1

I have loaded one csv file into my spark dataframe, after that if I try to calculate using approxQuantile method which is giving me an error. Tried with different data set and different columns, probablibities, and relativeError. Help me out understanding what's going on.

df.approxQuantile("column_name", [0.2,0.3,0.6,1.0], 0)

I am getting the following error :

py4j.protocol.Py4JError: An error occurred while calling o30.approxQuantile.

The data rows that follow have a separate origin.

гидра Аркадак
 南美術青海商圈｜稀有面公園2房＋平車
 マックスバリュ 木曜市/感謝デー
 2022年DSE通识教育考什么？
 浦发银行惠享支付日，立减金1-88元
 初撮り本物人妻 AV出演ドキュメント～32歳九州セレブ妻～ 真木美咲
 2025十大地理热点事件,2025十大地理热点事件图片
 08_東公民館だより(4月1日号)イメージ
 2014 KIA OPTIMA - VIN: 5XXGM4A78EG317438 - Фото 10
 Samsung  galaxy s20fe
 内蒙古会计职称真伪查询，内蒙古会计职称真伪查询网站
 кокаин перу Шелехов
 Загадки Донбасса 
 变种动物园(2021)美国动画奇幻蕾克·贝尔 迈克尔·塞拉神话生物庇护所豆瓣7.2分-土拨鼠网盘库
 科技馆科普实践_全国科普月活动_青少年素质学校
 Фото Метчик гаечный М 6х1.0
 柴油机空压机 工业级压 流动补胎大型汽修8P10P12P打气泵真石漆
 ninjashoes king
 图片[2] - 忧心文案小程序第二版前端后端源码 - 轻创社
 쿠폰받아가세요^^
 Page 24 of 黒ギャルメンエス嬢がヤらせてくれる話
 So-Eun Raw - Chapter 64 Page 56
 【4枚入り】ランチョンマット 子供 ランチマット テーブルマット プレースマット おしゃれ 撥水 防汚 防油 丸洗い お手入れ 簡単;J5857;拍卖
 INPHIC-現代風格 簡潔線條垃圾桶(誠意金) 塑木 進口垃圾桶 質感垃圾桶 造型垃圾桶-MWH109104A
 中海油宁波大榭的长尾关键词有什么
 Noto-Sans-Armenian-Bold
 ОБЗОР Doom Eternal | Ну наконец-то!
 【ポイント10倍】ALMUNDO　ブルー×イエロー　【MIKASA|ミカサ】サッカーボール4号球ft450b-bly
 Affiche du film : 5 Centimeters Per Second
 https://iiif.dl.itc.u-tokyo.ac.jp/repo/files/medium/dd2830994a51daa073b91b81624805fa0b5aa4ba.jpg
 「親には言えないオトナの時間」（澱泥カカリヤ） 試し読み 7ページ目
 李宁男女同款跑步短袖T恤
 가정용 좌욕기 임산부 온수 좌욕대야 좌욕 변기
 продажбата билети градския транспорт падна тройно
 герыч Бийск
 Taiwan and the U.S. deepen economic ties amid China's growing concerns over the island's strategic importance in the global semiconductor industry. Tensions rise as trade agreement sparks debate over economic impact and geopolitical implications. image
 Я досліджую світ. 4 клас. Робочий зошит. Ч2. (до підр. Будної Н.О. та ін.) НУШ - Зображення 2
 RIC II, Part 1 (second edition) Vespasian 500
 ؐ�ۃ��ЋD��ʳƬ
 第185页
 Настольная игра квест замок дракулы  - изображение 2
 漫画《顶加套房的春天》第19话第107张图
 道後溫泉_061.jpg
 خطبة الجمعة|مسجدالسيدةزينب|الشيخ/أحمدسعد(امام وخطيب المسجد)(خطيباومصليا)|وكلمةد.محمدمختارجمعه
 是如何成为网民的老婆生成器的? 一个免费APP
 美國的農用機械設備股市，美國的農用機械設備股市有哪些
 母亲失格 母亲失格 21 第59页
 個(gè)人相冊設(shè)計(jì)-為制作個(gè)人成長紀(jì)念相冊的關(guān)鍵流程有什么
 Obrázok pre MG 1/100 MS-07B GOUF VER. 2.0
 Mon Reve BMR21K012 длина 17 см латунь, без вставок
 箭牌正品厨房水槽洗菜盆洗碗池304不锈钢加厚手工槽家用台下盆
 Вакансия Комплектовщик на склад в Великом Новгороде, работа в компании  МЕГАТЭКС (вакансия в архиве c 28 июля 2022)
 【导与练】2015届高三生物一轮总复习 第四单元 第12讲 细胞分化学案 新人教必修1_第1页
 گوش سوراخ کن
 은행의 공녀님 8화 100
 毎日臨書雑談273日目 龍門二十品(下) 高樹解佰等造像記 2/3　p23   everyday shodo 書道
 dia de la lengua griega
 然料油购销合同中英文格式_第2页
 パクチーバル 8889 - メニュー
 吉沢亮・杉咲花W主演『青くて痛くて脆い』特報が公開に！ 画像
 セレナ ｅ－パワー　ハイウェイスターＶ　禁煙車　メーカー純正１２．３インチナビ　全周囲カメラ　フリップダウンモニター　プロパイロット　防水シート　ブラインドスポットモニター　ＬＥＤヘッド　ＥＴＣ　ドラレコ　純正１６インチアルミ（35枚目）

Trace: py4j.Py4JException: Method approxQuantile([class scala.collection.immutable.$colon$colon, class scala.collection.immutable.$colon$colon, class java.lang.Double]) does not exist at py4j.reflection.ReflectionEngine.getMethod(ReflectionEngine.java:318) at py4j.reflection.ReflectionEngine.getMethod(ReflectionEngine.java:326) at py4j.Gateway.invoke(Gateway.java:272) at py4j.commands.AbstractCommand.invokeMethod(AbstractCommand.java:132) at py4j.commands.CallCommand.execute(CallCommand.java:79) at py4j.GatewayConnection.run(GatewayConnection.java:214) at java.lang.Thread.run(Thread.java:745)

MaFF
  • 9,551
  • 2
  • 32
  • 41
Sunil Rao
  • 800
  • 2
  • 6
  • 23
  • 1
    What's your data type (`df.printSchema()`)? – MaFF Sep 19 '17 at 12:34
  • All columns are of type "integer" root |-- j: integer (nullable = true) |-- b: integer (nullable = true) |-- f: integer (nullable = true) |-- l: integer (nullable = true) |-- e: integer (nullable = true) |-- c: integer (nullable = true) |-- g: integer (nullable = true) |-- h: integer (nullable = true) |-- m: integer (nullable = true) |-- a: integer (nullable = true) |-- k: integer (nullable = true) |-- d: integer (nullable = true) |-- i: integer (nullable = true) – Sunil Rao Sep 20 '17 at 05:46

1 Answers1

2

This can happen if your pyspark driver is using Spark 2.2.0 and your Spark cluster is running 2.1.1 (or earlier). Ensure that your driver & cluster versions match and you should be good to go!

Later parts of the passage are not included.